A la par del espacio físico, en 1968, Isabel y Ángel Parra fundaron el sello discográfico "Peña de los Parra", cuyas grabaciones fueron distribuidas por DICAP. Este sello registró producciones que hoy constituyen documentos históricos de dicho movimiento musical, incluyendo volúmenes colectivos y otros del dúo Isabel y Ángel Parra. Su catálogo musical abrazó variados estilos, desde folclore profundo hasta los primeros vestigios del rock nacional, con la presencia de grupos como "Los Blops".
Musicalmente, discos como “La Peña de los Parra”, recogen piezas como “Río Manzanares”, “En Lota la noche es brava”, “Yo defiendo mi tierra”, “La jardinera” y “Canto a mi América”, interpretados por artistas destacados del momento. Estas grabaciones constituyeron un fiel reflejo del diálogo musical entre el folclore chileno, otras músicas latinoamericanas y el canto protesta que nacía con fuerza por aquellos años y que luego alcanzará su culmine con el movimiento de la llamada “Nueva Canción Chilena”.

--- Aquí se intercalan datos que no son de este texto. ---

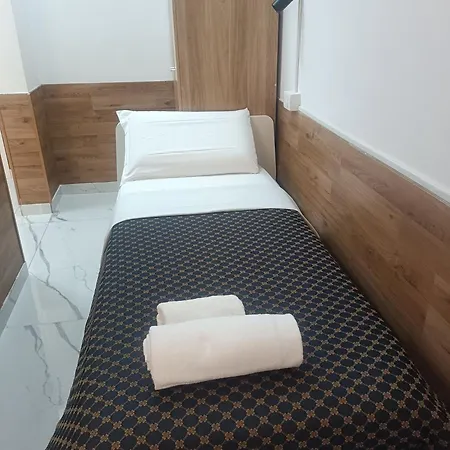 Otel Palace *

La peña no solo fue un escenario musical, también se erigió como un centro de producción artística, literaria y visual: escultores como Sergio Castillo, grabadores como Santos Chávez y pintores como Juan Capra, frecuentaron el lugar, compartiendo debates e intercambios creativos bajo una consigna de compromiso cultural y político. No podemos dejar de mencionar que la misma Violeta Parra dejó plasmado en una de sus habitaciones treinta y tres pequeños murales y tres de mayor tamaño que afortunadamente fueron resguardados de su destrucción por la actual propietaria del inmueble, la Universidad Católica Cardenal Silva Henríquez.

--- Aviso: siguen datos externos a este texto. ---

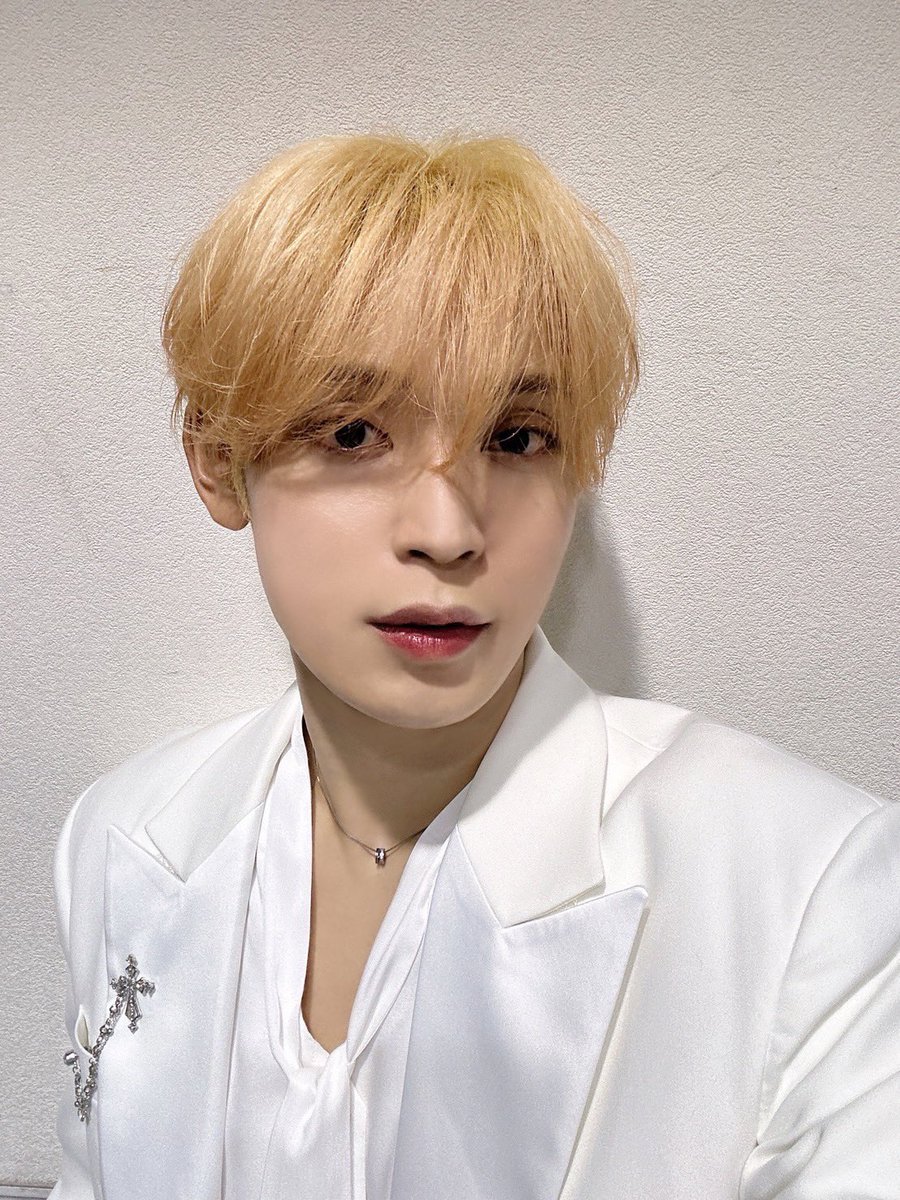 official_jo1's tweet photo. [#與那城奨]
Which do you like better, Black or White?

#JO1 #YONASHIROSHO https://t.co/yV7oGyUxGz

Con el Golpe de Estado de 1973, las actividades de la Peña fueron abruptamente interrumpidas y los hermanos Parra se vieron forzados al exilio. El espacio físico de Carmen 340 , tras años de abandono, fue luego incorporado a la Universidad Católica Silva Henríquez iniciándose recientemente un proceso de declaratoria como Monumento Histórico que aún no se concreta de modo de resguardar los murales que pintara Violeta Parra reforzando así el valor patrimonial del sitio
La Peña de los Parra representa un crisol donde confluyeron las artes, la música y el compromiso social. Constituyó un santuario de la cultura popular nacido de la herencia creativa de Violeta Parra y del impulso renovador de sus hijos, representando hoy el símbolo de un espíritu y de un sueño colectivo y de una época crucial en la historia de nuestro país, que germinó en múltiples creaciones musicales que son hoy patrimonio de todos los chilenos. Hoy su legado sigue vigente, no solo en las grabaciones y testimonios de sus principales protagonistas, sino también en la memoria popular y la creciente valorización de su espacio físico que esperamos pueda recuperarse como un patrimonio tangible de la memoria nacional y musical chilena.